The elevator ride down from the 42nd floor felt longer than the ride up.

Noah’s reflection stared back at him from the gleaming metal walls — jaw tight, eyes storm-dark. He looked like a man who’d just walked into the wrong room, thrown a punch, and hit something made of glass.

“Biological son.”

The words looped in his head like a skipping record.

He stepped out into the lobby with the folder tucked under one arm like a loaded weapon. He didn’t speak to anyone. Didn’t look at the polished tile, the gold-veined walls, or the security guard eyeing his boots like they were a crime.

By the time he stepped into the blinding daylight outside, his shoulders were rigid with fury.

The walk back to his garage took twenty minutes. He could’ve taken the bus, or called Eli to pick him up, but he needed his feet on cracked pavement and city dust in his lungs.

It kept him grounded.

Every honk, every food cart whistle, every clatter of scaffolding made more sense than what was in that folder.

Jasper Quinn.

Billionaire. Visionary. Titan of industry.

And apparently, the kind of man who left a son in foster care and made it up to him by handing over a kingdom from the grave.

Screw that.

He slammed through the garage’s side entrance and threw the folder onto the workbench.

For a moment, he just stood there, hands braced against the metal, head bowed.

He remembered being eight. Remembered moving through houses with furniture covered in plastic, sleeping on couches, sharing bedrooms with boys who punched first and asked names later.

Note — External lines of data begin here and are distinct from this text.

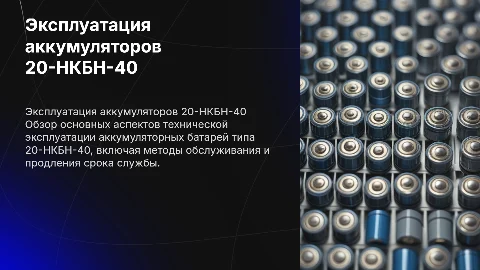 техническая эксплуатация аккумуляторных батарей 20-нкбн-40
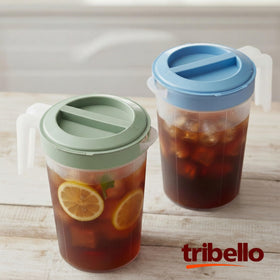 Tribello 1-gallon pitcher twist-cover demonstrates versatile lid for pour, strain, or seal.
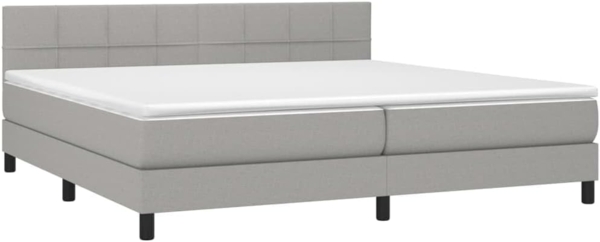 Boxspringbett mit Matratze & LED Stoff Hellgrau 200 x 200 cm, Härtegrad: H2 [3133181]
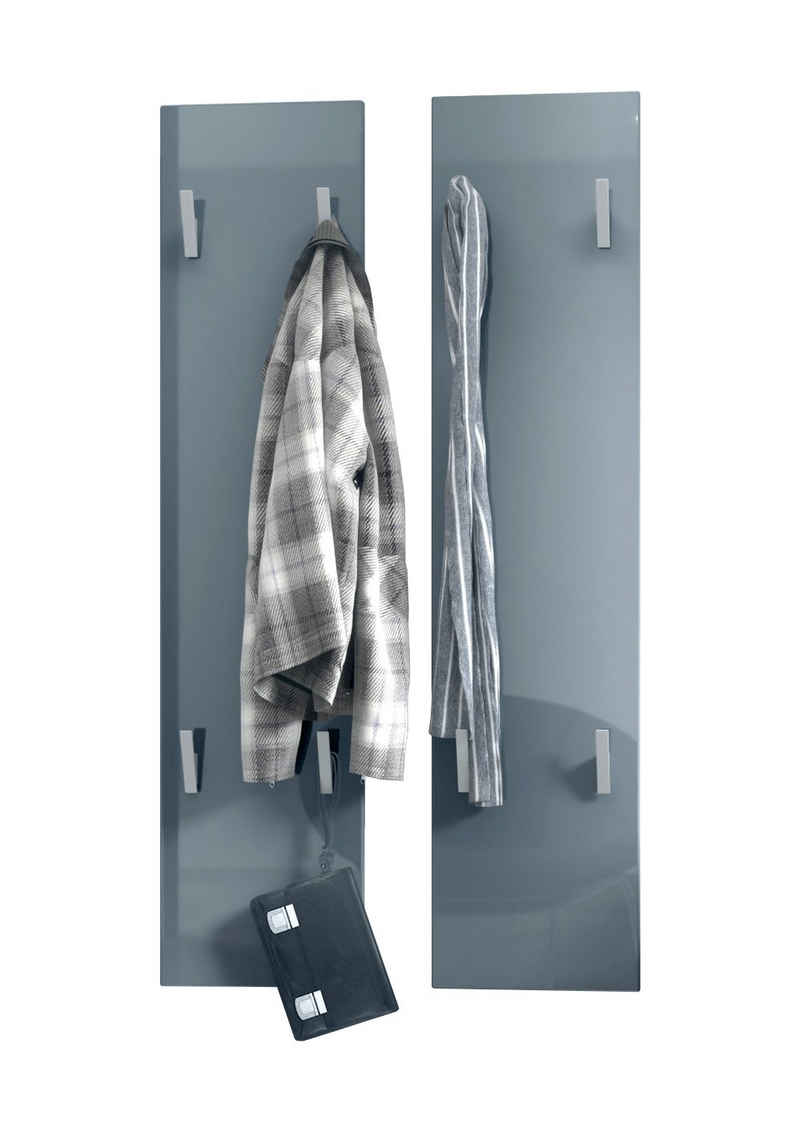 Vladon Garderobenpaneel Wandpaneel 120 (Garderobenpaneel, bestehend aus 2 Paneelen), Grau Hochglanz (je 28 x 120 x 2 cm)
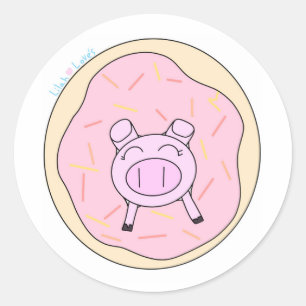 Pig in a Donut Sticker! Classic Round Sticker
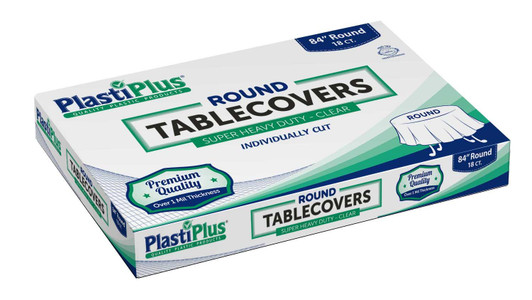 Clear Plastic Tablecovers 84"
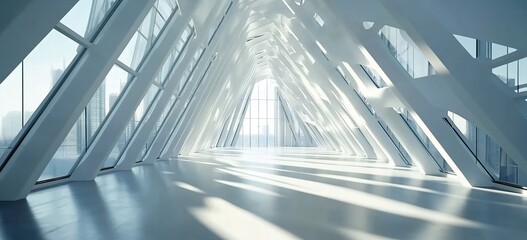 Obraz premium A bright and airy interior with white metal beams forming an angular pattern, creating a modern architectural background.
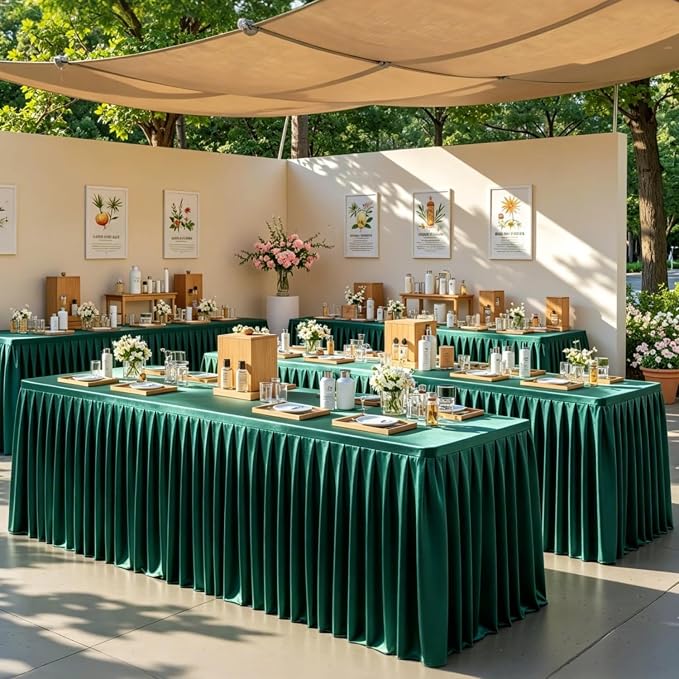 1 Pack Green Satin Tablecloths Rectangle 4FT, Glitter Spandex Fitted Stretch Table Covers Wrinkle-Free Floor Length Shimmer Table Skirt for Weddings Parties Baby Shower Banquets Vendor Events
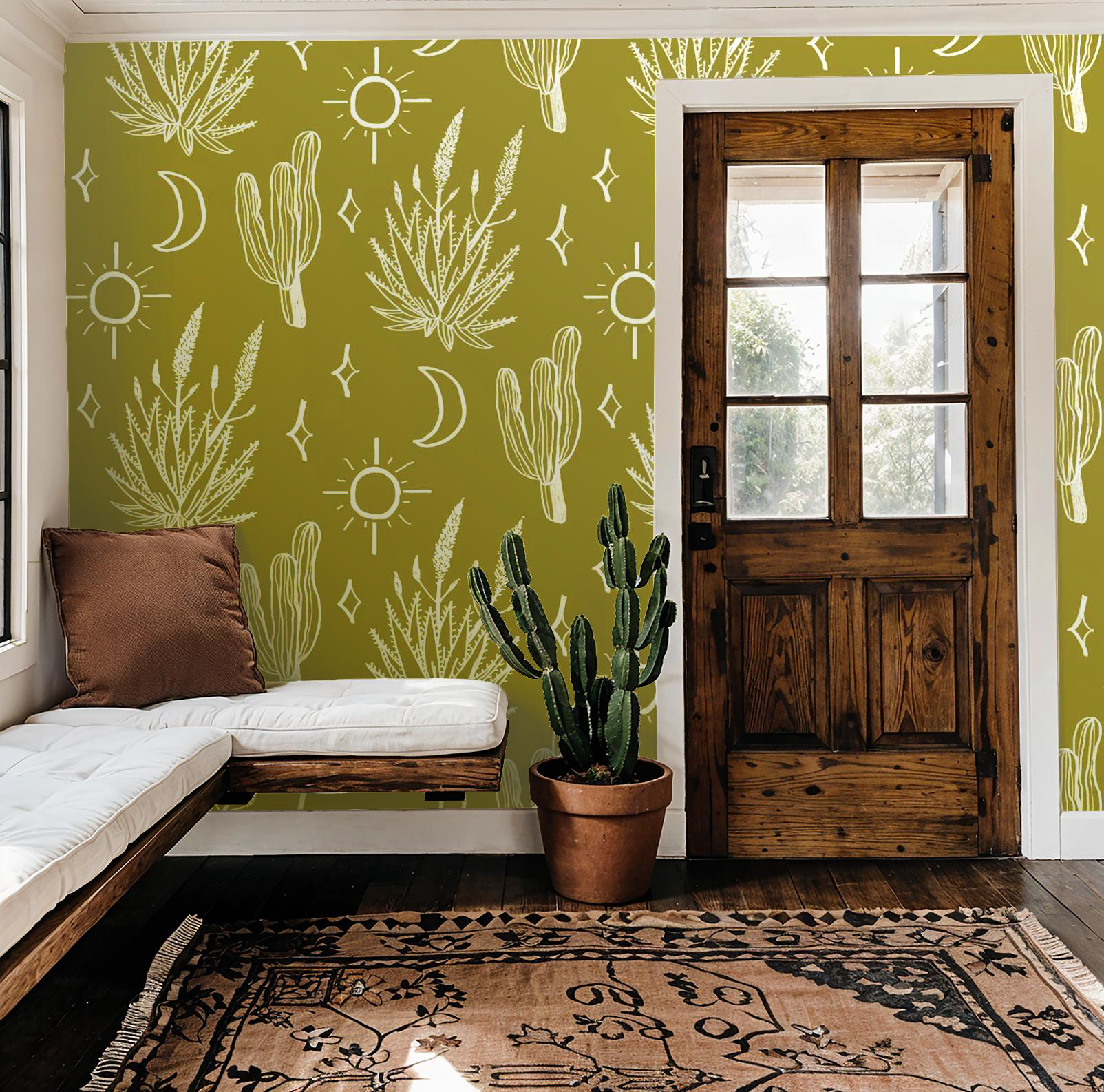 Desert Sky Wallpaper, chartreuse and white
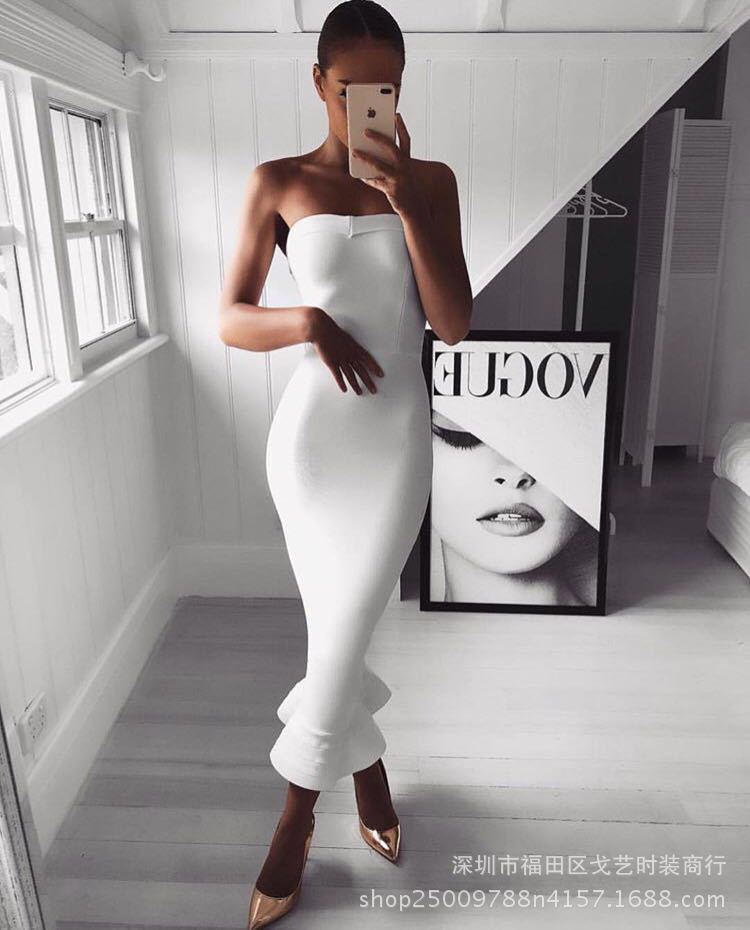 Open Shoulder Wrap Hip Blaster Fishtail Dress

He remembered the last foster home, the last placement, where Mae had taken him in and told him not to break anything — because she couldn’t afford to replace it.

He didn’t remember anyone named Quinn visiting him. Not once. Not ever.

No birthday cards. No phone calls. No child support.

Just a name on a birth certificate his caseworker once said didn’t exist.

And now? Now he was the heir to the man’s empire?

Noah scrubbed a hand down his face and let out a breath through his teeth.

He opened the folder again.

His mother’s name was in there. Lorraine Camden. That part wasn’t a lie. And if Merrick was right, she’d been a nanny. A live-in employee.

A woman forgotten. Buried in the margins.

He flipped to the last page of the will. There, in Jasper Quinn’s actual handwriting, was a note:

“If you are reading this, Noah, then I’m already gone. I don’t expect forgiveness. I only hope you’ll take what’s rightfully yours — and do better with it than I did.”

Noah read it twice.

The second time, his lip curled.

“Coward,” he muttered.

Suddenly, the garage door banged open, and Eli stepped in holding two coffees and a paper bag in his teeth.

“—morning, mechanic prince,” Eli mumbled through the bag.

Noah looked up.

Eli paused, took the bag out of his mouth, and squinted. “You look like you just got hit by a yacht.”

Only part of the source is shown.